Bosco chocolate syrup. Roasted ham. Second-hand clothes from Goodwill. A public cemetery. Recycled music. Mortician’s wax. These are the components that created a groundbreaking film and shifted George Romero from a man shooting shorts for Mr. Rogers’ Neighborhood (1966) to a pioneering icon in the horror genre. With Night of the Living Dead (1968), a film Variety initially described as an “unrelieved orgy of sadism” that questioned the “integrity and social responsibility of its Pittsburgh-based makers,” Romero immediately transformed his children's television career into one of a horror director.

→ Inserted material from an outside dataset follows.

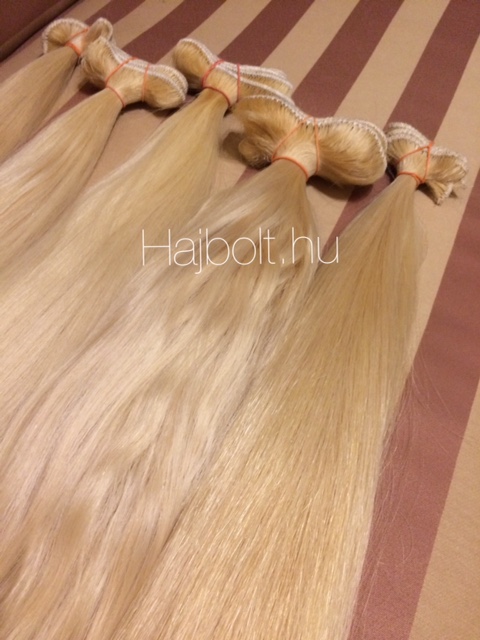 Hamvas középszőke tresszelt 100% emberi haj 80cm/ 10gr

The film was hated for its gruesome violence, respected as a critique of American involvement in Vietnam, seen as a showcase of disillusionment against authority, and hailed as an attack on xenophobia. To Romero, it was a scary story that he admits in DVD commentary he ripped off of the concept of Richard Matheson’s 1954 novel “I Am Legend,” a horror novel about a plague of vampire creatures that feed on the uninfected.

Night of the Living Dead's story shows humanity in a position moving towards tragedy. Romero decided the scariest monsters imaginable were humans themselves, and his reinvented concept of the “zombie” was born. Though the word is never used in the film (where they’re referred to as “ghouls”), the semblance of mobile, reanimated cannibal corpses are the driving fear of the piece. Almar Haflidason of the BBC called the film "a new dawn in horror film-making.” Zombie films existed as early as 1932 with White Zombie, and I Walked With a Zombie in 1943 -- but their zombies were of a different origin than Romero's. The early pictures concerned living beings enslaved by voodoo witch doctors, not animated corpses as in Romero’s creation, and as zombies are regarded today. (The term originated in Haitian folklore and refers to animation via magic.)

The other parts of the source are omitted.